▶ [Work to complete]: Output the entries below without any alteration.

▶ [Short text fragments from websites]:

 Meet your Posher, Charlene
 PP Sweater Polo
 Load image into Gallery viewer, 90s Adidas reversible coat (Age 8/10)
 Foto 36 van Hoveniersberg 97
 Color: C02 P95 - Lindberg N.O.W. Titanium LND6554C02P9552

▶ [Exercise solution]:
 Meet your Posher, Charlene
 PP Sweater Polo
 Load image into Gallery viewer, 90s Adidas reversible coat (Age 8/10)
 Foto 36 van Hoveniersberg 97
 Color: C02 P95 - Lindberg N.O.W. Titanium LND6554C02P9552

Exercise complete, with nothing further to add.